Oxygen: The color of life

When we view deep-space objects through backyard telescopes, we typically don’t see much color. The big exception is the bright green in certain nebulae. The secret behind this color constitutes a major story. It’s a tale that connects with our lives and our minds, and opens portals to a new level of celestial exploration.

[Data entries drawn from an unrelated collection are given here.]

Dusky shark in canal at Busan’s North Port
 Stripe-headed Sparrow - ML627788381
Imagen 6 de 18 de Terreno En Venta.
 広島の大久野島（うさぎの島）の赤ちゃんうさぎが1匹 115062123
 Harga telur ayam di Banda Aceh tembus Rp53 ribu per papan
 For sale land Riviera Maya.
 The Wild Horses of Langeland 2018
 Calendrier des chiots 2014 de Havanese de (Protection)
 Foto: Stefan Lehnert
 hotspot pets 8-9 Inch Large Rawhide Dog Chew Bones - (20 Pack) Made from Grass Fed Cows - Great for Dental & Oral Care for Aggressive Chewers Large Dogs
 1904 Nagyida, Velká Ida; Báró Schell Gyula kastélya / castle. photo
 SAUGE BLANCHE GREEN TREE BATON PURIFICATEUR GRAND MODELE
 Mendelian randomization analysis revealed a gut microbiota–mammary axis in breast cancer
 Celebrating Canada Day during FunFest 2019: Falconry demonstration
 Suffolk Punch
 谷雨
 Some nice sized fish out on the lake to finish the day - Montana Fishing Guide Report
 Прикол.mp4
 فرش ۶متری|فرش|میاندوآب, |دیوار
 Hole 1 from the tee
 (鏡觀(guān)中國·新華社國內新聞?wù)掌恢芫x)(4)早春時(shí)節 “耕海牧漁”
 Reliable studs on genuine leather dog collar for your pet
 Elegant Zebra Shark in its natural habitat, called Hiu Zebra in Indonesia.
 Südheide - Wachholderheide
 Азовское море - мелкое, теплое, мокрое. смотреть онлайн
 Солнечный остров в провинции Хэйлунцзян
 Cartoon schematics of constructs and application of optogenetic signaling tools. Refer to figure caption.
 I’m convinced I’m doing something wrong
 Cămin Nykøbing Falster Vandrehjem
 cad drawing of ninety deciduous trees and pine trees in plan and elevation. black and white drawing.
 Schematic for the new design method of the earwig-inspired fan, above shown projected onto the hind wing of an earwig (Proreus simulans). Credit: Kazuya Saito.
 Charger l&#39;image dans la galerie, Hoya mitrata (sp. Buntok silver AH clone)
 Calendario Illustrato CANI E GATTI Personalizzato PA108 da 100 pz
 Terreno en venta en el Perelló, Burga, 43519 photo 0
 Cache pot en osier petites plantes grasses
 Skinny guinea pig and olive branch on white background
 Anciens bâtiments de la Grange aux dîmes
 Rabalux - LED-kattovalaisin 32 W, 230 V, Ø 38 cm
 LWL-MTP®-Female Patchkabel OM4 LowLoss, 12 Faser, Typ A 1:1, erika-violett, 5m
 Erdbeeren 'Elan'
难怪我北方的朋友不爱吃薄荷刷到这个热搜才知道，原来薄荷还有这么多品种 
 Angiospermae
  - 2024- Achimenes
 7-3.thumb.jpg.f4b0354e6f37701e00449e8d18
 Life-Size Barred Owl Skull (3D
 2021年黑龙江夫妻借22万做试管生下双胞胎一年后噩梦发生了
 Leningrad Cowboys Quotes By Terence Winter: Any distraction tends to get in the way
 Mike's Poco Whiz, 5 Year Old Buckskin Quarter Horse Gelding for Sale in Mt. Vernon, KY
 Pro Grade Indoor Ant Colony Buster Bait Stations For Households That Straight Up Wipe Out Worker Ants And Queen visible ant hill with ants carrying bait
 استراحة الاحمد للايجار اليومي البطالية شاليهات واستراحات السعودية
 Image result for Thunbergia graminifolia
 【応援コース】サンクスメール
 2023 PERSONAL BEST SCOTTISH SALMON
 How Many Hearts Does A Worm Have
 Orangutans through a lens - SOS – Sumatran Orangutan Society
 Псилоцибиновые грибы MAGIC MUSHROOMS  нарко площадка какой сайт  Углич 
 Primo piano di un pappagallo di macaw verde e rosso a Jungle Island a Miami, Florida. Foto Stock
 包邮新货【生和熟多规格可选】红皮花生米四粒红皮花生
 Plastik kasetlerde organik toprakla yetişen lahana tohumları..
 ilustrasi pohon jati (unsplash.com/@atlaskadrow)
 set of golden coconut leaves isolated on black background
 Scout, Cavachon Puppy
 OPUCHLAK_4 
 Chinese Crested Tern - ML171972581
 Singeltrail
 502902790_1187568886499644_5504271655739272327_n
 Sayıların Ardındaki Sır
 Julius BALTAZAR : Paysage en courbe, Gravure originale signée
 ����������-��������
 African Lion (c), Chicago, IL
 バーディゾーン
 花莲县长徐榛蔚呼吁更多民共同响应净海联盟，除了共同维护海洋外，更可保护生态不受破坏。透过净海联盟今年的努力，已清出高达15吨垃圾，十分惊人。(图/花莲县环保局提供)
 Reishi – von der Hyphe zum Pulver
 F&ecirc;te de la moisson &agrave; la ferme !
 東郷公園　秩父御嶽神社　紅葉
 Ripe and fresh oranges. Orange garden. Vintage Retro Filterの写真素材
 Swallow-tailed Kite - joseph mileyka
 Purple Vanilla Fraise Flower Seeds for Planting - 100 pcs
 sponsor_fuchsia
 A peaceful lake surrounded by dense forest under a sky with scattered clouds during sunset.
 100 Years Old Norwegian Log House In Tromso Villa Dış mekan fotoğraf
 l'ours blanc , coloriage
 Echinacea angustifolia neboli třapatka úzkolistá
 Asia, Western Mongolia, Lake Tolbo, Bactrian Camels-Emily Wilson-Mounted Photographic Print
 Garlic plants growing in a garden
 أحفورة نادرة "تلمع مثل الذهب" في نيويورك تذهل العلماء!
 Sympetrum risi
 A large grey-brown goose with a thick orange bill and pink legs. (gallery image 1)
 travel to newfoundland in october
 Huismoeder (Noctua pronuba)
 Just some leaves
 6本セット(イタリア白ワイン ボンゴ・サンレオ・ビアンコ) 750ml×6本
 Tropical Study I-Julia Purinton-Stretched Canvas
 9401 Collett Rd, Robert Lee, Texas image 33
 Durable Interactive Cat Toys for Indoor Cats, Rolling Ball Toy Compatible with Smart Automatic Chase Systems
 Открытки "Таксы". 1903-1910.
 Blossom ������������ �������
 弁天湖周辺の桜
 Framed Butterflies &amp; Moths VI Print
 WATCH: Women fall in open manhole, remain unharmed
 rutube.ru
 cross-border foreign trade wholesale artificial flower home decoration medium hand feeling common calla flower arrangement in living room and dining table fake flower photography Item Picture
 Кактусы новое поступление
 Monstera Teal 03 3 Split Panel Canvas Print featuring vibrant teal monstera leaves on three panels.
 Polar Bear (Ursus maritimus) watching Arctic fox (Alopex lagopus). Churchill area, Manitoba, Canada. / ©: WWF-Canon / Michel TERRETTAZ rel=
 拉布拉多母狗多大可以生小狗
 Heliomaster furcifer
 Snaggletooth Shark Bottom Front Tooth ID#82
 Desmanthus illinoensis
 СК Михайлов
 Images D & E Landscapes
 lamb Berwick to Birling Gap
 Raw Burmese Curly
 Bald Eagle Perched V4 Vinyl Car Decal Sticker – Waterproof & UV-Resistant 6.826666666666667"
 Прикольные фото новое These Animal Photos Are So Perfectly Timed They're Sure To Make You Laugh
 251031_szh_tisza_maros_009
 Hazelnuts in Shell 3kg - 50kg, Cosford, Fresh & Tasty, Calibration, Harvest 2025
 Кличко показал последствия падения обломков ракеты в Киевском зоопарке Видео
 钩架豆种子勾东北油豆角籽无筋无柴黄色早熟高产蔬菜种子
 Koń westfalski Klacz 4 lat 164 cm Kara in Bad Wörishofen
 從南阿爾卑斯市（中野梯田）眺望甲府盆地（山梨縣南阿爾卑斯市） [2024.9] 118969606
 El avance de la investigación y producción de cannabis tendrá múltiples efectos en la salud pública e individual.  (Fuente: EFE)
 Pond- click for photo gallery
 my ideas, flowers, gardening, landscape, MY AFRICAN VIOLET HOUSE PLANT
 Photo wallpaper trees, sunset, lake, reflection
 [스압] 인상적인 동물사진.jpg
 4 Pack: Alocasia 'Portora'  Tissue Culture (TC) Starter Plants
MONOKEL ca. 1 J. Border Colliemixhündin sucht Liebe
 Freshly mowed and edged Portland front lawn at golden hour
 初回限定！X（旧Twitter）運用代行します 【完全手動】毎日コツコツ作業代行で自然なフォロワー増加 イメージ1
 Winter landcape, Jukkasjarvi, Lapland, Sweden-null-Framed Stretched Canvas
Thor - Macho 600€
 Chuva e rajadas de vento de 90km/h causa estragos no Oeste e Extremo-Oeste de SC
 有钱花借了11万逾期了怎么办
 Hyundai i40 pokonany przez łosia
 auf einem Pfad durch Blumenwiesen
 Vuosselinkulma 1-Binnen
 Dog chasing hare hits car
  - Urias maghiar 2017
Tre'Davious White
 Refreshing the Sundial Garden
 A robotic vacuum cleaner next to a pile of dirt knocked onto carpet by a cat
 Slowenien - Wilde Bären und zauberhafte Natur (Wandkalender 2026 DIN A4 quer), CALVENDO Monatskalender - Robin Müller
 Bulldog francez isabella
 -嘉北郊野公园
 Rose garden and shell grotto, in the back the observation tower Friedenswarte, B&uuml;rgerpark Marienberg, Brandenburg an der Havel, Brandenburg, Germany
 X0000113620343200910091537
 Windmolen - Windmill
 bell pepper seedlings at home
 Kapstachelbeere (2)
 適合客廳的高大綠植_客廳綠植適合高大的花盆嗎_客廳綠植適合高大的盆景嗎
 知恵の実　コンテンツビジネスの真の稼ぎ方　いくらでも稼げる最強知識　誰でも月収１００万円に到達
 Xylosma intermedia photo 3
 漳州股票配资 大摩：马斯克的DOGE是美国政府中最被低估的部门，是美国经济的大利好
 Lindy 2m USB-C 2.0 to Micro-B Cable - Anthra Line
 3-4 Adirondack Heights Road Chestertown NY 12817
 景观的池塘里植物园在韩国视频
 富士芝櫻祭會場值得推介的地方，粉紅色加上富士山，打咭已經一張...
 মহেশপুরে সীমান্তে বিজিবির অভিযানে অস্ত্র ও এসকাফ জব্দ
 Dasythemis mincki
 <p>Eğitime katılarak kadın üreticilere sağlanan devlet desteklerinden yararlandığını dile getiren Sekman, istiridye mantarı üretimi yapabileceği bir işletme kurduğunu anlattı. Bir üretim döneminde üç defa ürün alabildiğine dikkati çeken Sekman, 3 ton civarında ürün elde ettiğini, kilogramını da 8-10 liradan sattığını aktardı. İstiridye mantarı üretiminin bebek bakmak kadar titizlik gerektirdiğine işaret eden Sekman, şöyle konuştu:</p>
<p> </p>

Rewind to Mrs. Wombat’s sixth-grade science class. There we learned that the universe contains 92 natural elements. All also are found here on Earth. There’s no sense pretending they’re equally interesting. For example, every breath you take is a gassy mixture of 99.9 percent nitrogen, oxygen, and argon. Argon is inert and just floats there. We don’t use it for much of anything besides filling light bulbs. It doesn’t help us, and 
it doesn’t hurt us.

Air also contains a smidgen of water vapor (H2O), which is two-thirds hydrogen. That’s the universe’s most common element, Mrs. Wombat insisted, and who were we to doubt her? Hydrogen makes up most of our brains. It’s the Sun’s primary fuel. It’s obviously crucial to our existence.

But now, in terms of cosmic abundance, consider element number two: helium. This takes us back to the not vital category. Our bodies contain exactly zero helium. If all of Earth’s helium suddenly vanished, most of us wouldn’t notice or care.

But give helium this: Inside stars, it undergoes fusion to create the universe’s third most abundant element, oxygen. Thus we’ve reached the hero of today’s adventure tale. Our lives critically depend on oxygen. It combines so eagerly with other elements that as we look around, either on Earth or through our telescopes, we see it almost everywhere. Although water may be two-thirds hydrogen in terms of its atomic makeup, it’s nearly 90 percent oxygen by weight. By the same yardstick, the rings of Saturn are mostly oxygen. So are clouds. And chocolate milk. Kittens.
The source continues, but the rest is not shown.